Next, I wanted to intersect my differential methylation file with the annotation files.
annots = c("Cow_custom_3UTR", "Cow_custom_5UTR" , "Cow_custom_CDS", "Cow_custom_Downstream", "Cow_custom_Introns", "Cow_custom_Promoter")
#### Build the annotations (a single GRanges object)
annotations = build_annotations(genome = 'Cow', annotations = annots)
####Intersect the regions we read in with the annotations
dm_annotated = annotate_regions(
regions = dm_sites_IL,
annotations = annotations,
ignore.strand = TRUE,
quiet = FALSE)
At this point, I get error
Annotating...
Error in annotate_regions(regions = dm_sites_IL, annotations = annotations, :
No annotations intersect the regions.
It says that no annotations intersect with the regions in my differential methylation file; but I manually checked few of them and there are sites which are common.
I would appreciate your input here.
Thank you, Suraj
Hi Suraj,
Good news that you got both the regions read in and the custom annotations built.

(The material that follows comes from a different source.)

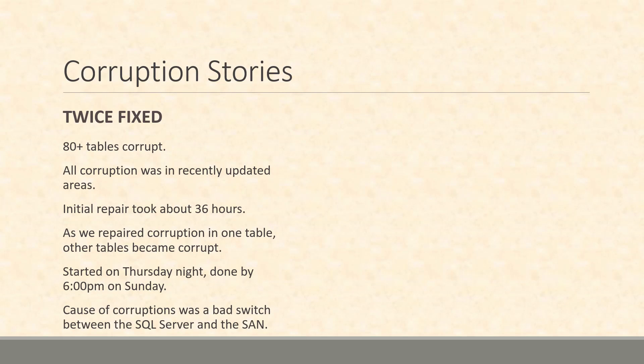Let's move on to the corruption stories. The first one we're going to talk about here was one of the first really big corruption repairs that I did after Derek joined the team. We're going to call this one 'Twice Fixed' because we really ended up having to do things twice. What we ran into was that they had 80 tables that were corrupt.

It would be helpful if you could provide some examples of where, upon your inspection, there should be overlaps but aren't.
Thanks, Raymond
For example, this is a region of my differentially methylated sites
chr6 29591030 29591030 - 0.0177636
chr6 40082995 40082995 + 0.00793686
chr6 40156410 40156410 - 0.00143386
chr6 54845641 54845641 + 0.0395046
chr6 55069007 55069007 - 0.0404003
chr6 64595848 64595848 + 0.0295995
chr6 64595849 64595849 - 0.0295995
chr6 67577905 67577905 + 0.0495847
chr6 67578058 67578058 + 0.0495847
Let's track the 2nd row; chr6 40082995
This is a region of a annotation file for cds.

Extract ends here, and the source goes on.